Topic web 1: Reduce, Reuse, Recycle
What’s the science?
As the world’s population increases, consumption of resources also grows. Throwing things away is a waste of these resources and energy. It also has a major impact on the environment. Waste that is not biodegradable and isn’t recycled is filling oceans and landfills. This has a negative impact on wildlife, the natural environment and public health.
What are scientists doing about it?
Researchers are continually looking for ways to improve the recycling process. Analytical technicians are developing ways to alter the structure of plastics so they become biodegradable in the natural environment. The government have also set recycling targets related to plastics and other materials. The resource hierarchy is useful in demonstrating how to approach usage and disposal of resources in order of priority.
How could you explore this in the classroom?
- Learners could research using secondary sources by watching videos and finding out about the 3Rs – Reduce, Reuse, Recycle. They could identify, classify and sort materials (eg glass, plastic, paper) and identify whether they would reduce, reuse or recycle them.
- Consider how to reuse materials by looking at images and real items that have been ‘upcycled’ (reused in a creative way). Ask learners to think about their clothes and introduce the term ‘Fast Fashion.’ Explore what this means using videos and research. They could find out about how people in the past would often make and repair their own clothes/repurpose them.
- Learners could consider the ‘story’ of their clothes using labels to investigate material and origins. They can think about what they do with their clothes when they no longer wear them. Learners could consider the properties of the material that make it suitable for a particular purpose. Learners could bring in an old T-shirt from home and repurpose it, for example into a bag.
- This could link to DT (textiles) as learners use/develop their sewing skills, by sewing on buttons or carrying out a simple repair. They could write instructions (to link to literacy).
Curriculum links
Materials; DT (textiles); literacy; researching using secondary sources.
Topic web 2: Where does our rubbish go?
What’s the science?
In the UK, each person creates about 400 kg of waste every year. Food waste is a concern with seven million tonnes being thrown away each year. Waste that cannot be recycled goes to landfill which has a negative impact on the environment. Landfill sites are one of the causes of climate change. They generate and release biogas into the atmosphere. They can contaminate soil and water and cause fires and, occasionally, explosions.

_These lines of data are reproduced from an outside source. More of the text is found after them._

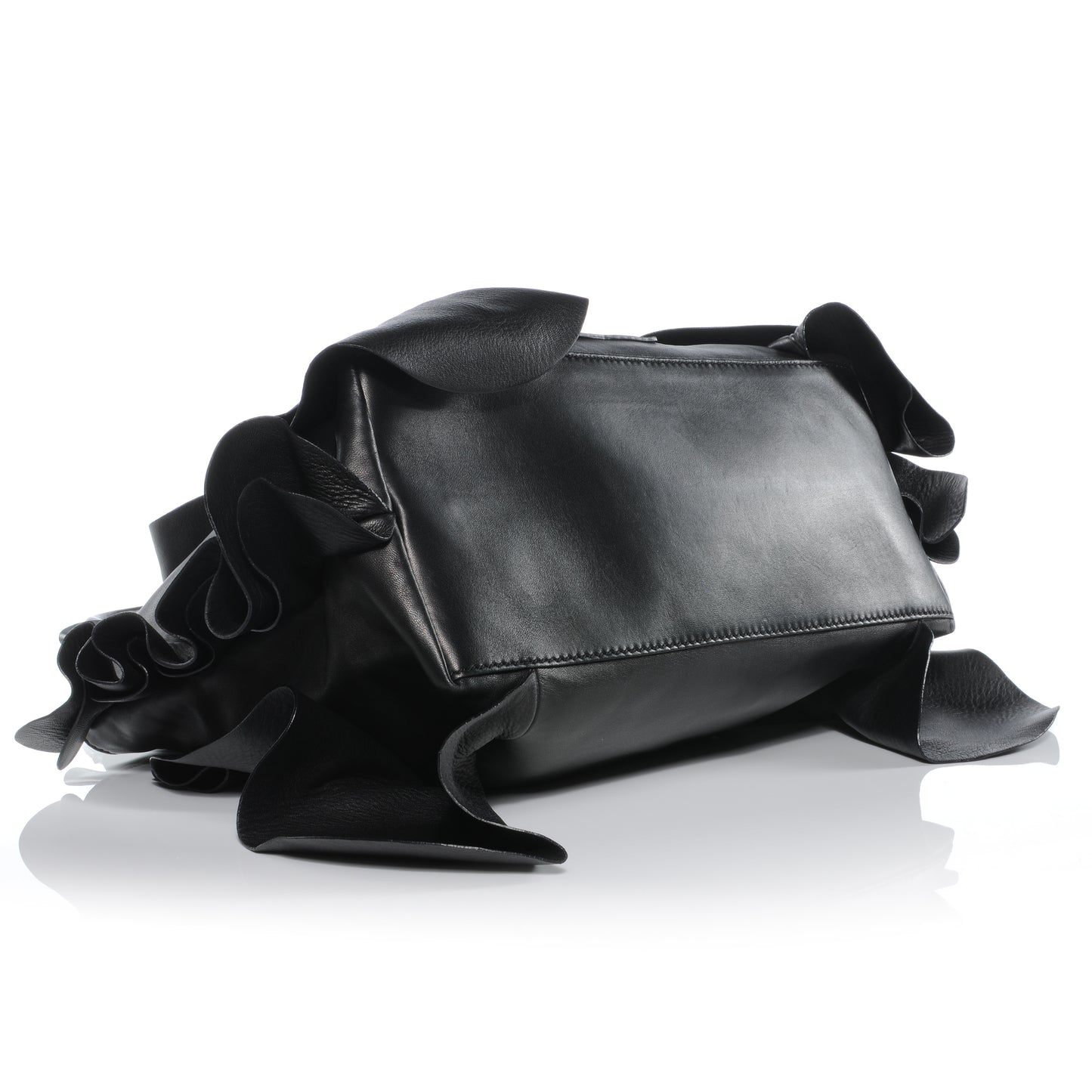 Nappa Leather Ruffled Hobo Black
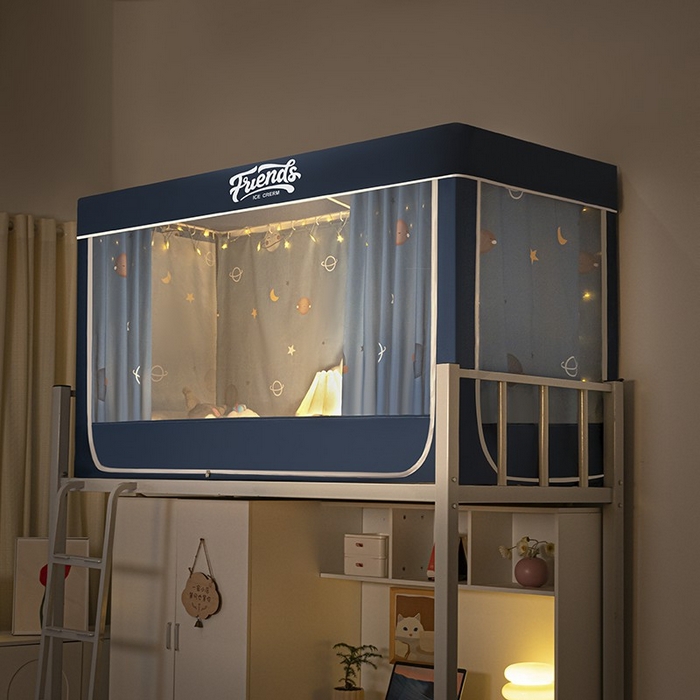 91家纺网 家纺一手货源 找家纺 爱上家居 2024新款强遮光防蚊学生宿舍蚊帐 星星月亮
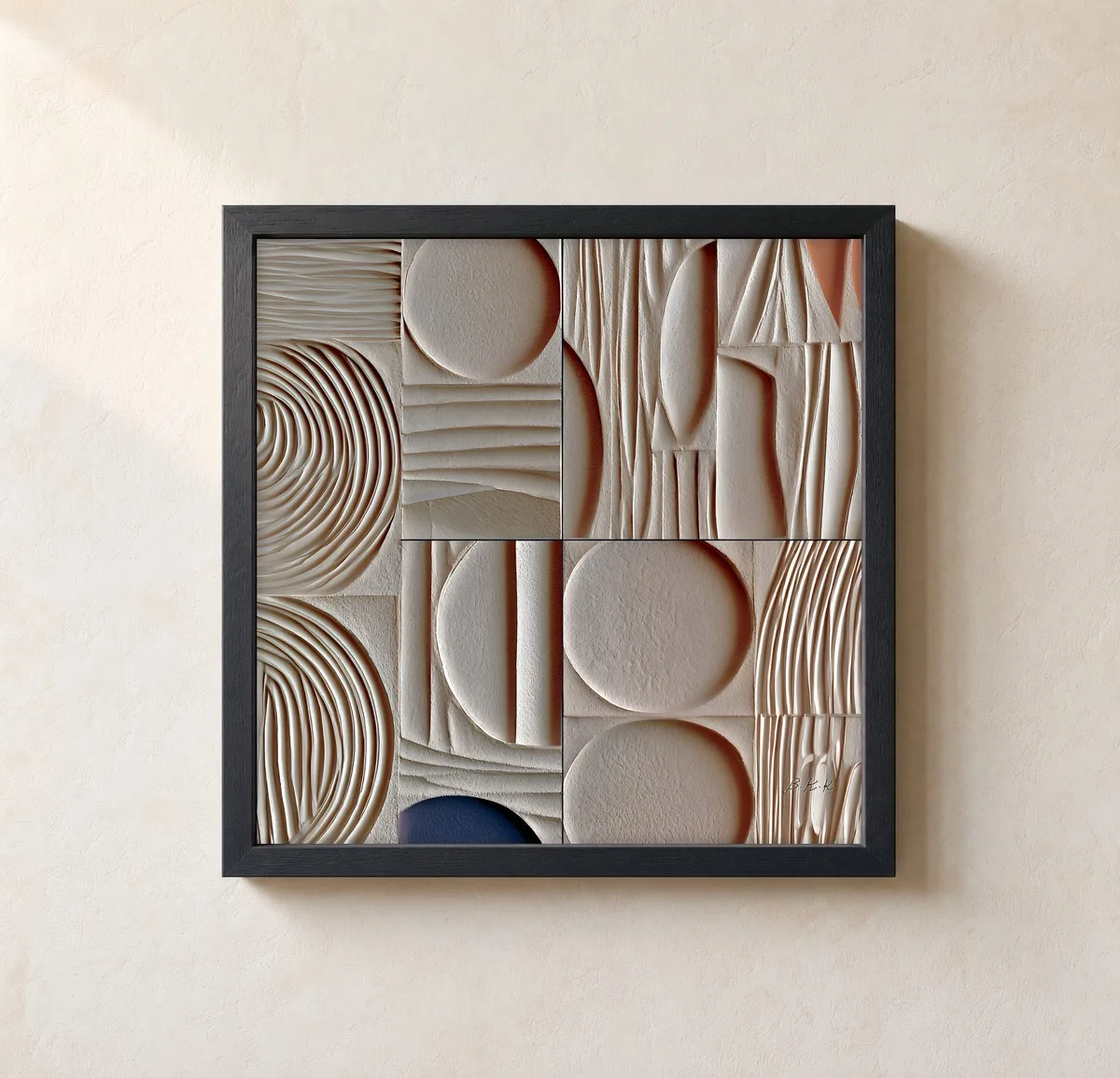 Carved Sand Sampler by Bassem, framed print on a wall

What are scientists doing about it?
Scientists have a major role to play when it comes to food packaging and developing alternative materials in order to reduce plastic waste going to landfill.
Researchers are working towards reducing unnecessary food waste by developing food labels to help consumers understand when food spoils, which could result in saving up to 63% of food waste in an average household.
How could you explore this in the classroom?
- Learners could research using secondary sources by finding out how much waste is generated in the UK, including food waste, and where this comes from. They could pose their own questions and find answers to these.
- Ask learners to consider the questions, ‘How much rubbish is generated in our school?’ and ‘How could we find this out?’.
- Learners could design their own methods to answer these questions, such as weighing the bins in the classroom at the end of each day. They could make comparisons between different classrooms and compare how much waste is going to landfill vs being recycled.
- Learners could also investigate food waste by weighing food waste bins at the end of each lunchtime across a week and then recording their results.
- If the school doesn’t have a composting area, learners could use their findings to persuade the headteacher that this would be a good idea. They could write letters or deliver a presentation to help develop their literacy skills. Or they could create a simple wormery within a DT lesson and write instructions on doing so.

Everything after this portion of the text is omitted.